Norm Geras, writing in the Jewish Chronicle yesterday:
It is not difficult to understand the long affinity that has existed between Jews and the left. Common traditions of opposition to injustice, the commitment within liberal and socialist thought to ideals of some sort of equality, opposition to racist and other similar types of prejudice – these things have long served to attract Jewish people to organisations and movements of the left, and they continue to do so.
This is awkward territory. The same supposed affinity for socialism is part of anti-Semitic discourse among some parts of the far right. It’s also, I think, awkward to try to suggest virtues are characteristic of racial or ethnic groups, since the general attribution of characteristics to ethnic groups is a hallmark of racial prejudice.
What’s more, injustice and equality mean different things to liberals and socialists, so you can’t group them together. Liberalism is essentially individualism, whereas socialism is essentially a collectivist philosophy. I suspect Norm is referring principally to the socialist interpretation of these words.
But let’s go with it anyway. Let’s say that Jews have historically been drawn to the socialist left. Why might that be?
And let’s exclude the notion that Jews are any more drawn to justice and equality than other people, instead saying they are more drawn than many groups towards collectivism. Why?

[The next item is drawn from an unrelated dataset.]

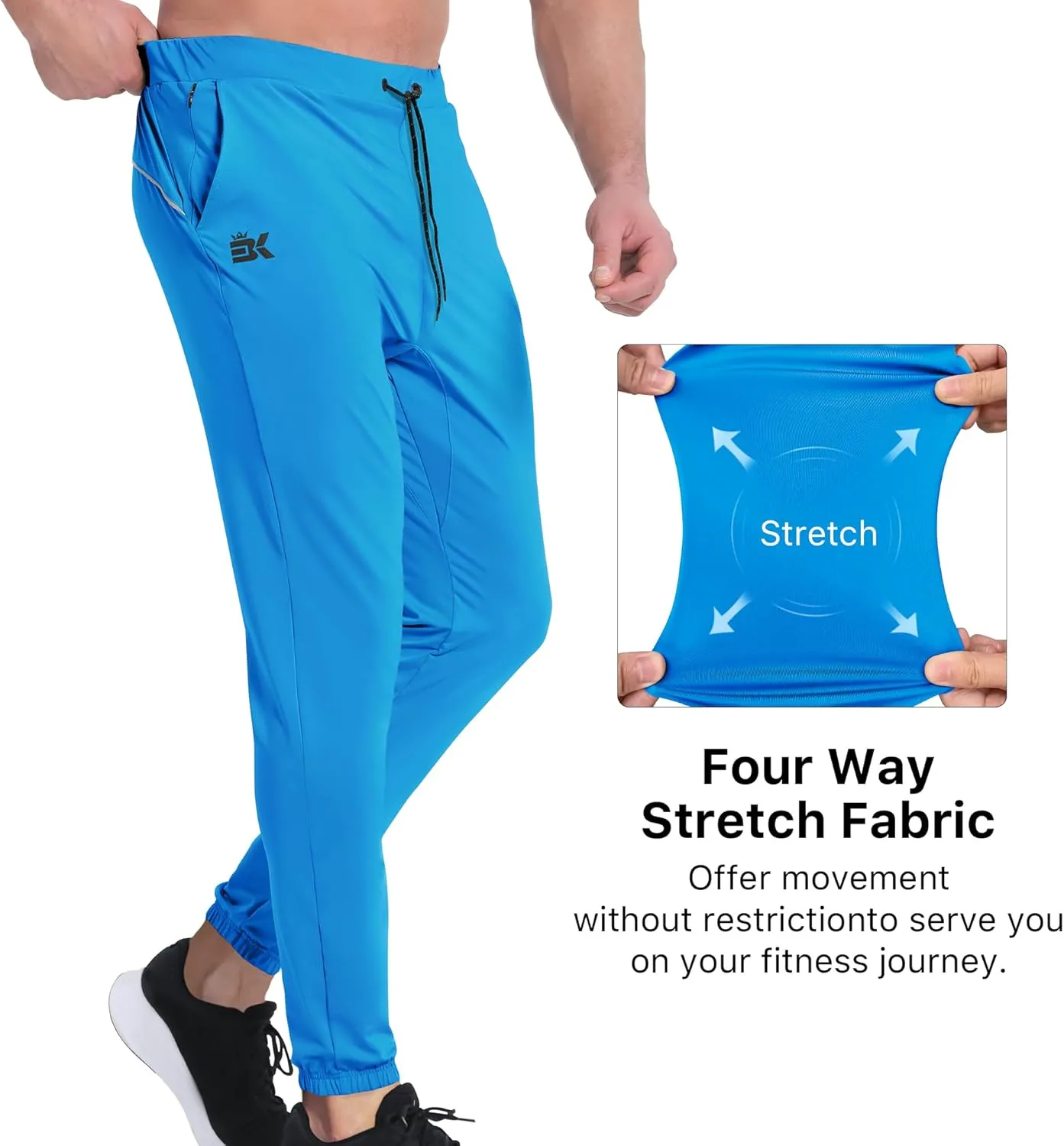 BROKIG Mens Hidzip Gym Joggers Pants Lightweight Tapered Athletic Workout Sweatpants Men with Zipper Pocket Jogging Sport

Jews have a shared collective experience. In many ways it’s a very bad collective experience. It’s one of being singled out for hatred, in many parts of the world, often for religious reasons by Christians and Moslems, for many centuries.
But that has thrown Jews back onto each other. Jewish communities are very close and mutually supportive. They are also, in my experience, very welcoming to outsiders who don’t exhibit signs of Jew-hatred. Jewish culture has had to be collectivist, whatever people might have wanted under other circumstances, and socialism is just a broader political expression of that reality.
This tallies with the notion that we seek rationalisations for our predispositions in politics. That is, political philosophy doesn’t guide people to conclusions, rather it justifies the ones they have already reached.
This would also explain the tendency some people have to be socialist in youth, growing less so as they get older. Normally this is seen in terms of youthful idealism and a cynicism and self-interest as one gets older and acquires more. Instead you could see youthful socialism simply as a quest for a political system that mirrors the communism of the family home and the authoritarianism of school – the environments young adults are most used to.
And it would explain why people become less socialist as they gradually get used to the more fragmented, individualistic adult world. It is a process of getting accustomed, not a calm analytical investigation, that leads people to change because this is how predisposition changes. As that develops, so the rationalisations we select for the politics we already have change too.